Hier müssen die Verkehrsbetriebe einerseits an ihren Haltestellen sichere Abstellmöglichkeiten, andererseits mehr Stellplätze und Sicherungsmöglichkeiten in ihrer Fahrzeugflotte schaffen. Aufgabe der politischen Entscheidungsträger*innen im Mobilitäts-, Infrastruktur-, Umwelt- und Gesundheitsbereich ist eine Attraktivitätssteigerung des Fahrrads als alternatives Fortbewegungsmittel. Wir brauchen zügig politische Kampagnen, die die breite Bevölkerung zum Radfahren und eine Verhaltensänderung in Bezug auf das Fahrrad anregt. Solche Kampagnen dürfen aber nicht nur auf potenzielle Nutzer*innen des Fahrrads ansprechen, es muss auch Aufklärungsarbeit bei Nutzer*innen des PKW betrieben werden.

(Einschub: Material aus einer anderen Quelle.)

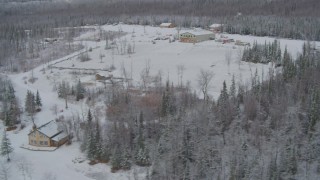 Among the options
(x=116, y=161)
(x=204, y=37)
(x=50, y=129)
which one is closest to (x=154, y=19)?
(x=204, y=37)

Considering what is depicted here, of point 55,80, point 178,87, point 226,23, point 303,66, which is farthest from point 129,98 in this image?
point 226,23

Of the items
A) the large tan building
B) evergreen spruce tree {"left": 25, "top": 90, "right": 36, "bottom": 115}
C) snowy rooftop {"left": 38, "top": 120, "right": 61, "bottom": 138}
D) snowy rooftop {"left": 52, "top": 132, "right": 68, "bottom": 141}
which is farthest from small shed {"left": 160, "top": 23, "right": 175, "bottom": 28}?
the large tan building

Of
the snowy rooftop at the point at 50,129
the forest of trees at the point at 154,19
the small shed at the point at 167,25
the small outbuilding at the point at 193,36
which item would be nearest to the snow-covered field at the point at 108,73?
the snowy rooftop at the point at 50,129

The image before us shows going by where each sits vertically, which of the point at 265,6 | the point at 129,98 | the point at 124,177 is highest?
the point at 265,6

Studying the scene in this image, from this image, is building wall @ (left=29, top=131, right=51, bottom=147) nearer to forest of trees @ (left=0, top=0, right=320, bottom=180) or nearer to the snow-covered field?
the snow-covered field

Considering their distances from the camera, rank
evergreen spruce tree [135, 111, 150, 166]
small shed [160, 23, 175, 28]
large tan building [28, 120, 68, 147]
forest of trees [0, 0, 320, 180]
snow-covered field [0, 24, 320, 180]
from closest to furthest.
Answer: forest of trees [0, 0, 320, 180] < evergreen spruce tree [135, 111, 150, 166] < snow-covered field [0, 24, 320, 180] < large tan building [28, 120, 68, 147] < small shed [160, 23, 175, 28]

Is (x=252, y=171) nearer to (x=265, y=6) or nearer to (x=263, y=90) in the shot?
(x=263, y=90)

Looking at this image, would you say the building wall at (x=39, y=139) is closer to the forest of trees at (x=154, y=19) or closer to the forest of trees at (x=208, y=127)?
the forest of trees at (x=208, y=127) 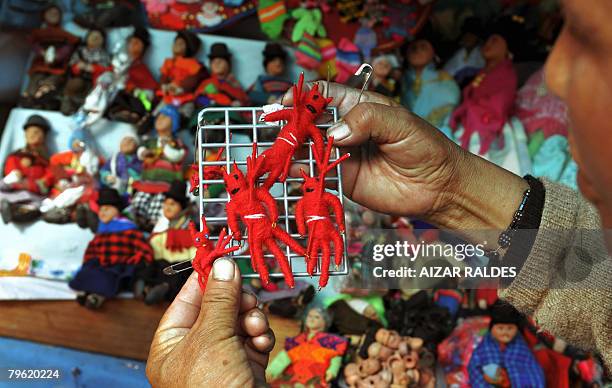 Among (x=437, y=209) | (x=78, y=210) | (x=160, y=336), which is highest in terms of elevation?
(x=437, y=209)

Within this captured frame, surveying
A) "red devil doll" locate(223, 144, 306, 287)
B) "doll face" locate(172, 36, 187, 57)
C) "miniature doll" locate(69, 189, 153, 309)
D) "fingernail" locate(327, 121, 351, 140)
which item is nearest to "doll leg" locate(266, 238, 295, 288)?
"red devil doll" locate(223, 144, 306, 287)

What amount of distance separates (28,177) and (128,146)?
1.27ft

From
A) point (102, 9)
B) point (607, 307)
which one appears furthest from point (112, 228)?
point (607, 307)

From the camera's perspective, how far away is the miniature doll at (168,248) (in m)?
2.10

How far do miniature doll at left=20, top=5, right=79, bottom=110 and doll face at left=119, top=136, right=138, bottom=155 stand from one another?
1.23 ft

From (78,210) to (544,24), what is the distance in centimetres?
202

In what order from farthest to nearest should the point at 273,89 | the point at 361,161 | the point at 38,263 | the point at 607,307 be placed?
the point at 273,89, the point at 38,263, the point at 361,161, the point at 607,307

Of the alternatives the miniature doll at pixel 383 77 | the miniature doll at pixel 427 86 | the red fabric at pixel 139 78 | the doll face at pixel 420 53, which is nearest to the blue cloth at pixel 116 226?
the red fabric at pixel 139 78

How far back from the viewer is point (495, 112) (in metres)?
2.44

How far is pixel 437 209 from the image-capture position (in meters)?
1.08

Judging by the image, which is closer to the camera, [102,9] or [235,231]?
[235,231]

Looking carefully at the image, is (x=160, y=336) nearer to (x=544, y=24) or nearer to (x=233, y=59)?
(x=233, y=59)

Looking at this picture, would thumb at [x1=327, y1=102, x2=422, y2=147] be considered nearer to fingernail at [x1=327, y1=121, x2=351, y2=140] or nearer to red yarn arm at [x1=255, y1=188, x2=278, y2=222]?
fingernail at [x1=327, y1=121, x2=351, y2=140]

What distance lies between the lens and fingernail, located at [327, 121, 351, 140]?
36.6 inches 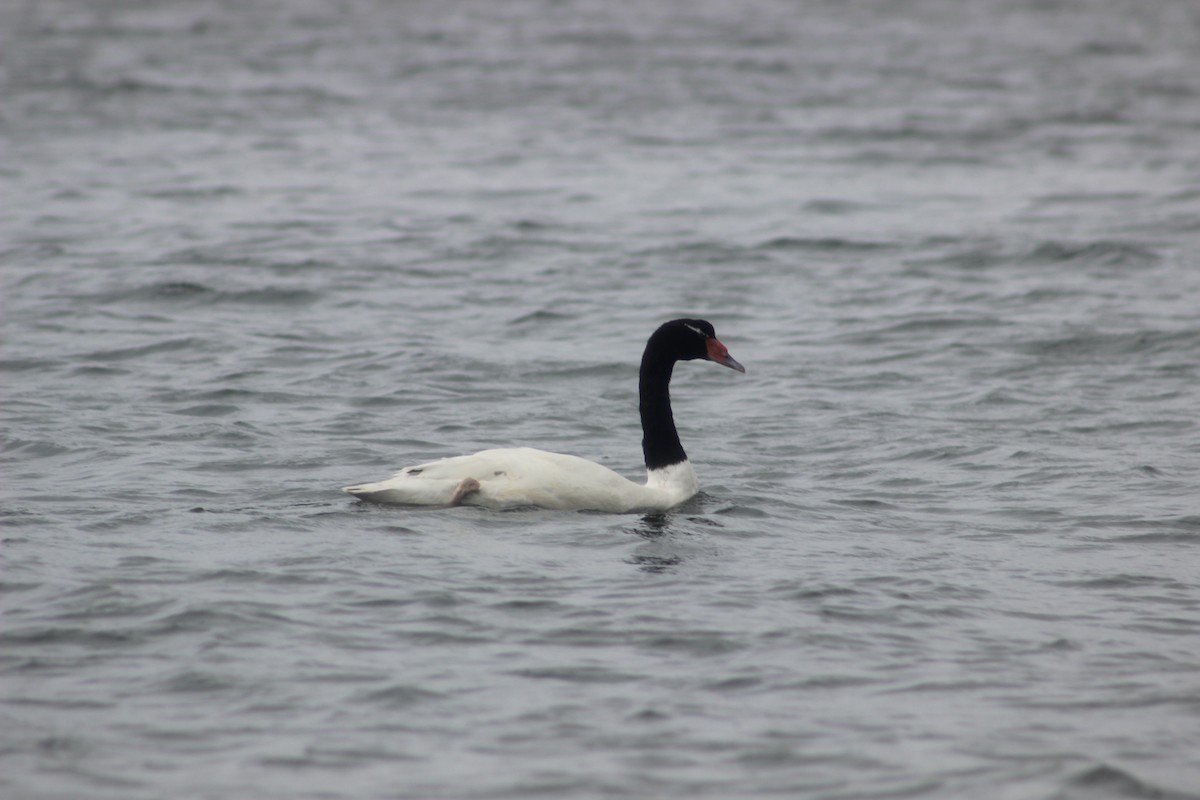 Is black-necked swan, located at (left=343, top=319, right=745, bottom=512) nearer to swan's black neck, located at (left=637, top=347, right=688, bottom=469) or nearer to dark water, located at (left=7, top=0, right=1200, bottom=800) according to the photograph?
swan's black neck, located at (left=637, top=347, right=688, bottom=469)

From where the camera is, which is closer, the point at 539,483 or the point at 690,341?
the point at 539,483

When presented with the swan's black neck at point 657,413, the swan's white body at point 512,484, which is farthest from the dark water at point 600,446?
the swan's black neck at point 657,413

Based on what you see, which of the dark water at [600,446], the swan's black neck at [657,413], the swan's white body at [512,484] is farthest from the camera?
the swan's black neck at [657,413]

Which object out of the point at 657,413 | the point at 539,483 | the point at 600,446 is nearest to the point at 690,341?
the point at 657,413

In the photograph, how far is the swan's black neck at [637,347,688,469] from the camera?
36.0 feet

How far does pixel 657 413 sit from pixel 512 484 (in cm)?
133

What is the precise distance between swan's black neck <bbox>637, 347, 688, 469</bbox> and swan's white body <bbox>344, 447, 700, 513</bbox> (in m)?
0.48

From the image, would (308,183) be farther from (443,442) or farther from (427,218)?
(443,442)

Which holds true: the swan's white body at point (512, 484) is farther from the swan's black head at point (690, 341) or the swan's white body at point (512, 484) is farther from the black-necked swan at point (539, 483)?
the swan's black head at point (690, 341)

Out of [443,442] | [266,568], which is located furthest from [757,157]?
[266,568]

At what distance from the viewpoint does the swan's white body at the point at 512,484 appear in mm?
10211

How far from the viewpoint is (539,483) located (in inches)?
404

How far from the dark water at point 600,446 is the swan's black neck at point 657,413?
20.9 inches

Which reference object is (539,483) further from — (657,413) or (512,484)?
(657,413) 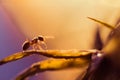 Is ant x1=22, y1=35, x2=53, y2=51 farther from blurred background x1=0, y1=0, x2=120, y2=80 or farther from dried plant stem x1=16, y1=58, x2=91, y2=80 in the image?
dried plant stem x1=16, y1=58, x2=91, y2=80

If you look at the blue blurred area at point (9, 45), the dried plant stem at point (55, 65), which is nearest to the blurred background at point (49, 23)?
the blue blurred area at point (9, 45)

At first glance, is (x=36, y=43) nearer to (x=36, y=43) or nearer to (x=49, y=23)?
(x=36, y=43)

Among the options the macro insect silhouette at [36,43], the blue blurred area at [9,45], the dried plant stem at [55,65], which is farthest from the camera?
the blue blurred area at [9,45]

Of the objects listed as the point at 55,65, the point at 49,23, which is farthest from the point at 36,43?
the point at 55,65

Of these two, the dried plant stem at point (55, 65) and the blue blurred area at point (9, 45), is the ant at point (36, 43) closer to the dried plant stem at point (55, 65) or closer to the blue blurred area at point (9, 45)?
the blue blurred area at point (9, 45)

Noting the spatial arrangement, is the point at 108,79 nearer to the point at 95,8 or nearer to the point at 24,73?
the point at 24,73

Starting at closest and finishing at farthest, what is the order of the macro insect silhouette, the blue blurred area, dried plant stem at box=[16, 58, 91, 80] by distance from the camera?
dried plant stem at box=[16, 58, 91, 80]
the macro insect silhouette
the blue blurred area

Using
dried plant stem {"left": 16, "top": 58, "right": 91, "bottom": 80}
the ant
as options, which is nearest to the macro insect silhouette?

In städtischen Regionen werden Bike-Sharing-Konzepte beliebter, allerdings fehlt eine flächendeckende und nutzer*innenorientierte Umsetzung dieser Konzepte. Bike-Sharing-Stationen müssen sinnvoll in die Planung von Städtebau und Mobilität einbezogen werden. Die Fahrzeugflotten müssen den Bedürfnissen der Nutzer*innen angepasst werden, wie E-Bikes, Lastenräder und Kindersitze. Auch hier dürfen inklusive Aspekte nicht zurückgelassen werden. Bike-Sharing kann eine echte Alternative für Gelegenheitsfahrer*innen und Pendler*innen darstellen und muss zur Attraktivitätssteigerung kostenlos zur Verfügung stellen. Wir fordern die Kommunen auf, in Bike-Sharing zu investieren und die kostenlose Nutzung in Hinblick auf das Nutzer*innenverhalten zu prüfen.

 

Personenkraftfahrzeugnutzung

Der motorisierte Individualverkehr ist für uns ein Auslaufmodell, das überwunden werden muss. Das lange Zeit dominierende Leitbild des autogerechten Infrastruktursystems steht in einem heftigen Spannungsverhältnis zu den Anforderungen des Umwelt-, Klima- und Ressourcenschutzes sowie eines sich wandelnden Mobilitätsverhaltens. Wir fordern politische Entscheidungsträger*innen auf, das endlich zu erkennen und auf andere Verkehrsmittel zu setzen. Hierfür muss zuallererst die hohe Subventionierung der Autowirtschaft zurückgefahren werden. Abwrackprämien, Steuer- oder Beitragsvergünstigungen im PKW-Bereich dürfen Konsument*innen nicht zur Anschaffung von PKWs führen. Allerdings ist uns bewusst, dass motorisierter Individualverkehr gerade im ländlichen Raum oder für mobilitätseingeschränkte Menschen mittelfristig eine große Rolle spielen wird, solange die Maßnahmen im ÖPNV, im Schienenverkehr und im Radverkehr noch nicht flächendeckend umgesetzt sind. Car-Sharing-Modelle können mittelfristig zumindest eine Alternative für die individuelle Nutzung von PKWs darstellen. In städtischen Regionen existieren solche Modelle bereits, sie müssen aber auch auf den ländlichen Raum ausgeweitet werden.

 

Fazit

Zukunftsfähige Mobilität geht nur, wenn sie ökologisch, nachhaltig, integriert und sozial gerecht ist. Wir fordern, dass allen Menschen gleichberechtigte Mobilitätsteilhabe zugesichert wird und politische Entscheidungsträger*innen in ein integriertes Konzept aus verschiedenen Verkehrsmitteln investieren. Der motorisierte Individualverkehr ist für uns überholt, der sozial gerechte und ökologische Ausbau von öffentlichem Personennahverkehr, Schienenverkehr und Radverkehrssystemen stellt für uns eine Alternative dar, die jetzt politisch angepackt werden muss.